» **Problem statement**:
Restate every entry verbatim; drop the pictures.

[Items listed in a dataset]
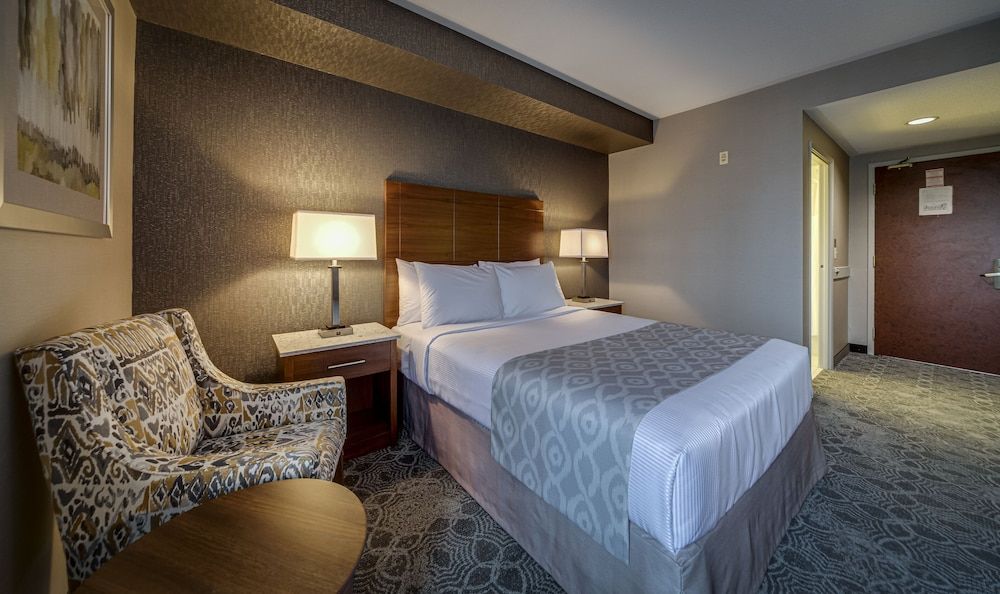 undefined Monte Carlo Inn Toronto - Markham
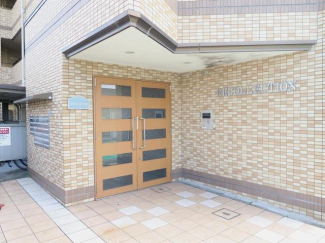 毎日通るエントランスはこのようになっています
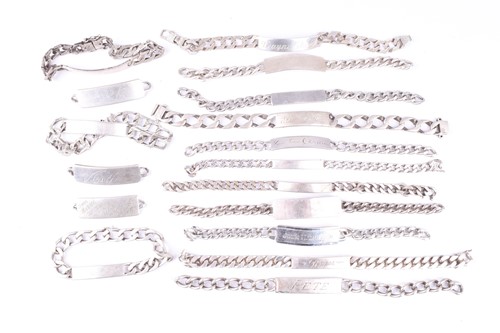 Lot 333 - A group of various silver and base metal...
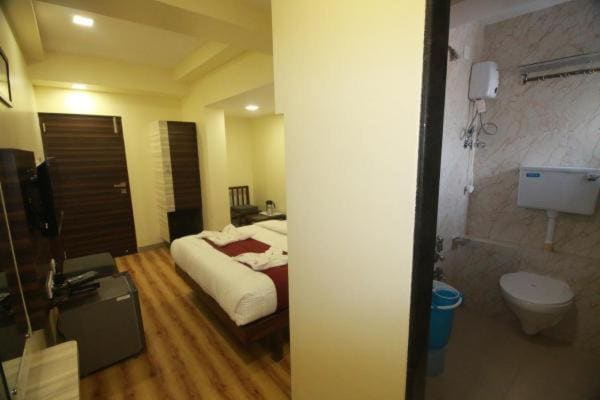 Hotel Alfa International, Mumbai – Near Nanavati Hospital - View 7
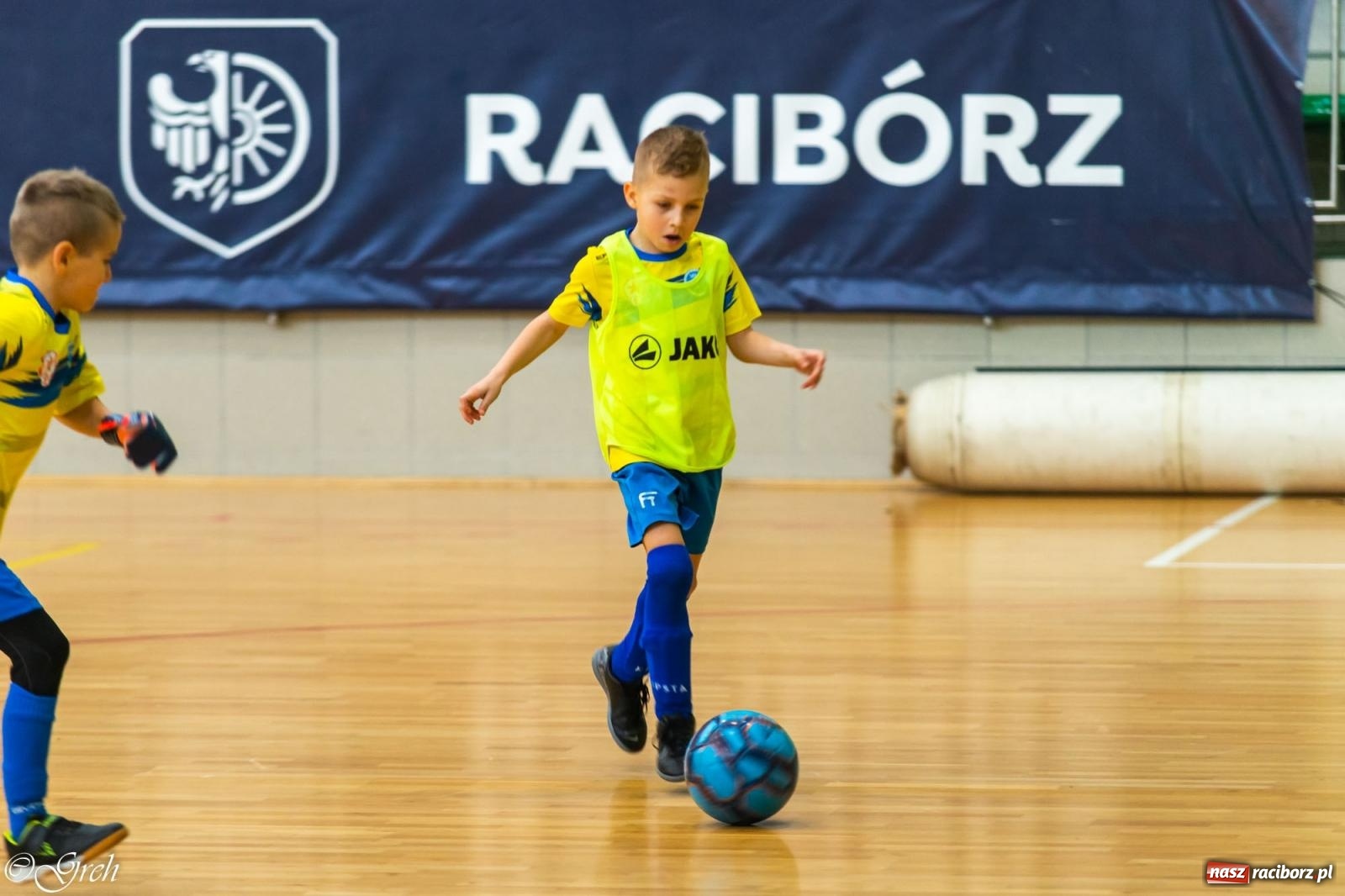 Zdjęcie w galerii na portalu naszraciborz.pl: Świąteczne zmagania piłkarskie w hali OSiR [FOTO i WIDEO] wiadomości z regionu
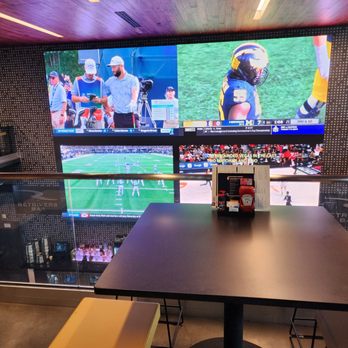 Topgolf - Golf Near Me - Schaumburg, Illinois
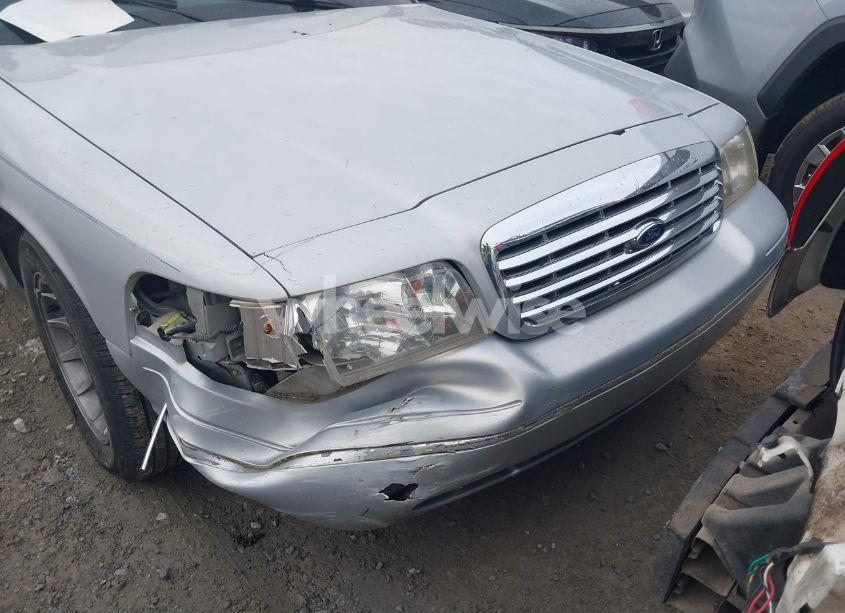 Photo 6 of 1999 Ford Crown VICTORIA LX (VIN 2FAFP74W9XX236645)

» **Response to this exercise**:
 undefined Monte Carlo Inn Toronto - Markham
 毎日通るエントランスはこのようになっています
 Lot 333 - A group of various silver and base metal...
 Hotel Alfa International, Mumbai – Near Nanavati Hospital - View 7
 Zdjęcie w galerii na portalu naszraciborz.pl: Świąteczne zmagania piłkarskie w hali OSiR [FOTO i WIDEO] wiadomości z regionu
 Topgolf - Golf Near Me - Schaumburg, Illinois
 Photo 6 of 1999 Ford Crown VICTORIA LX (VIN 2FAFP74W9XX236645)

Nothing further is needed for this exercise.